Bu düzenlemenin ret gerekçesinde ise bunun kadın ve erkek sigortalının hak kaybına uğramalarını önlemek için getirildiği belirtilerek, bunda adaletli bir toplum ve hukuk düzeni kurmanın amaçlandığında kuşku bulunmadığı bunun için Anayasa`ya aykırılık taşımadığı kaydedildi.

KADEMELİ GEÇİŞ

Gerekçeli kararda, yasa yürürlüğe girdiği tarihte sigortalı hizmeti bulunan ve emekliliğine 2 yıldan fazla kalanlar için sigortalılık süresine bağlı olarak emekli olabilecekleri yaş ve prim ödeme sürelerinin kadınlar ve erkekler için ayrı ayrı olmak üzere yeniden düzenlendiği hatırlatıldı.

Önceki sistemde kadınların 38, erkeklerin ise 43 yaşında emekli olabilme olanağına sahipken, yeni düzenleme ile getirilen kademelendirme sonucu kadınlara 52, erkeklere ise 56 yaşına kadar oldukça geniş bir aralık içinde emekli olabilme olanağı getirildiği ifade edilen gerekçeli kararda, kademelendirmede sigortalılık süresinin esas alınması sonucunda süreleri aynı diğer koşulları değişik olan kişilerin aynı yaş haddine tabi olurken, ya da tüm koşulları aynı sadece sigortalılık süresi farklı olan kişilerin farklı yaş haddine bağlı tutulduğu belirtildi.

BİR GÜNLÜK FARK

Kararda, şöyle denildi:

``Aynı işyerinde aynı tarihte işe başlayan ve 14 yıl birlikte çalışan iki erkek sigortalıdan birisinin 18 yıl öncesine ait bir günlük sigortalılığı olması durumunda 43 yaşında, diğeri ise ancak 56 yaşında emekli olabilecektir.
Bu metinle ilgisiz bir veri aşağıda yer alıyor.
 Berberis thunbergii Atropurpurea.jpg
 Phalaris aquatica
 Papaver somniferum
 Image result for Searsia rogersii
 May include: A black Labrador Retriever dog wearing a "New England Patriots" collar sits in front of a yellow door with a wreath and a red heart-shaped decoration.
Ya da 20 yıl sürekli çalışmış 7200 gün prim ödemiş bir sigortalı 50 yaşında emekli olabilecek iken, 23 yıl sigortalılık süresi olan ancak 14 yıl çalışmış bir sigortalı 43 yaşında emekli olabilecektir.

Sigortalık süresi yönünden yapılan kademelendirmeler arasında adil olmayan geçişler yapılmıştır. Sigortalılık süresi bir günlük farkla alt kademeye indirildiğinde yaşlılık aylığına hak kazanabilmek için iki yıl daha beklemek zorunluluğu doğmaktadır.
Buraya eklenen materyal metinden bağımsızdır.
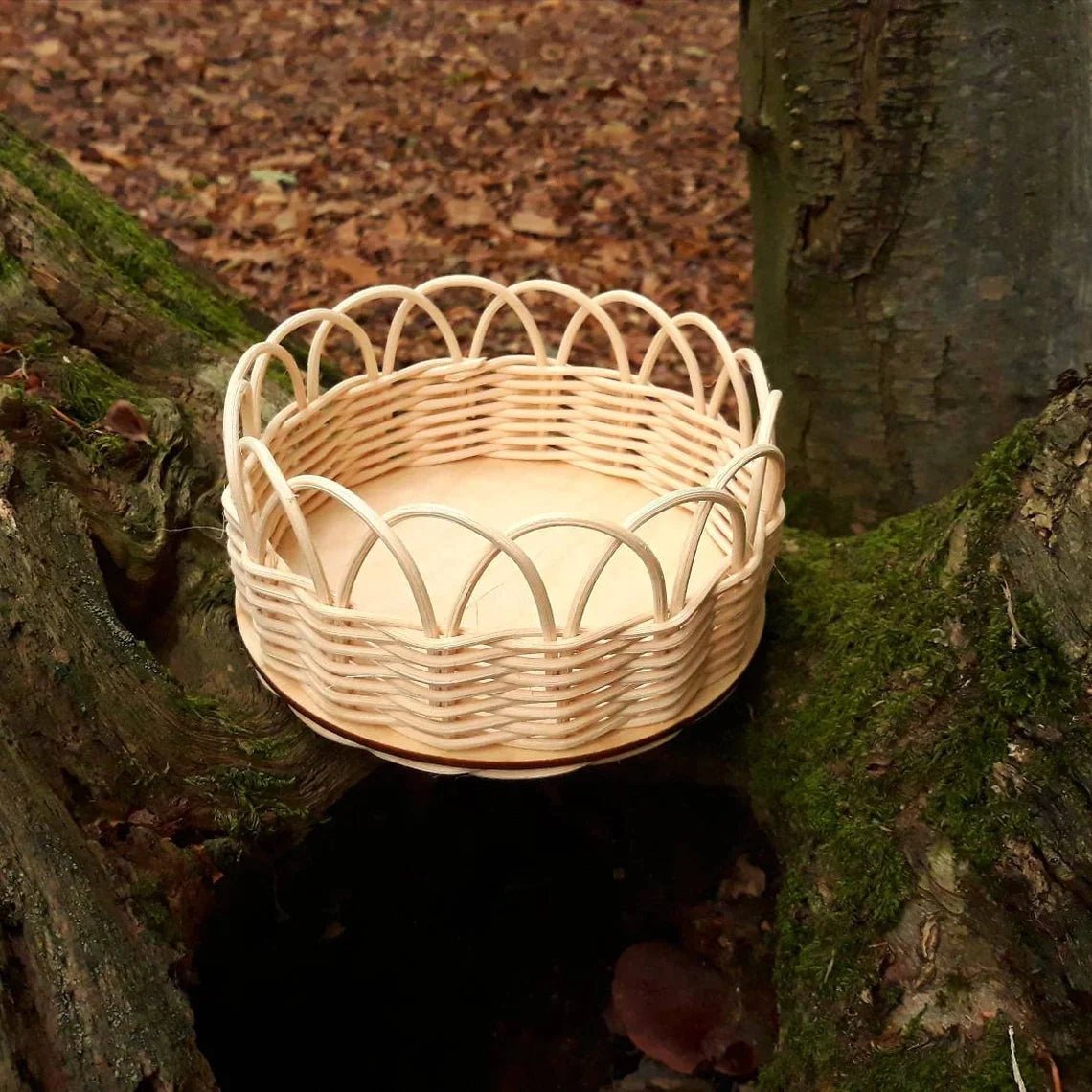 DIY Basketry Kit for Beginners - Round Basket - Rattan Round basket - Artisanal Homes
Sigortalılık süresi 10 yıldan az olan kadın ile sigortalılık süresi 15 yıldan az olan erkek sigortalılar kendi aralarında kademelerinde yapılmayarak bir günlük sigortalılık süresi olan kişiyle aynı yaş grubuna bağlı tutulmuşlardır.

Sigortalılık süresi kademelendirilirken ikişer yıllık dilimler öngörülmüş olmasına karşın asgari emeklilik yaşı kademelerinde dilimler bazen 2 yıl, bazen de bir yıl farklılık göstermektedir.``

SOSYAL GÜVENLİK KAVRAMI

Kararda, hukukun üstünlüğünün egemen olduğu bir devlette hukuk güvenliğinin sağlanmasının hukuk devleti ilkesinin ``olmazsa olmaz`` koşulu olduğu vurgulandı. Kararda, şöyle devam edildi:

``Yaşlılık gerçekleşmesi yönünden diğer sosyal risklerden ayrı özelliğe sahiptir. Yasalarda emeklilik yaşının kesin olması nedeniyle sigortalı yarınını bu güvenlik içinde planlamaktadır. Sosyal devlet sosyal adaletin, refahın ve güvenliğini gerçekleşmesini sağlayan devlettir. Sosyal güvenlik kuruluşları çalışanların geleceğine ilişkin güvenini sağlamak durumundadır. Bu sağlanamadığı takdirde sosyal güvenlik kavramından da bahsedilemez. Bu nedenle sosyal güvenlik sisteminde yapılan değişikliklerin hukuk devletinde olması gereken hukuk güvenliğini zedelemeyecek biçimde adil, makul ve ölçülü olması zorunludur.``

Yüksek Mahkeme, 5 sosyal güvenlik kurumuna tabi olarak çalışanların emekliliğinde kademeli geçişi öngören düzenlemeleri``makul, adil ve ölçülü`` bulmadı ve Anayasa`nın 2, 5 ve 60. maddelerine aykırı bularak Başkan Mustafa Bumin, üyeler Fulya Kantarcıoğlu, Ertuğrul Ersoy ve Tülay Tuğcu`nun karşı oylarıyla iptal etti.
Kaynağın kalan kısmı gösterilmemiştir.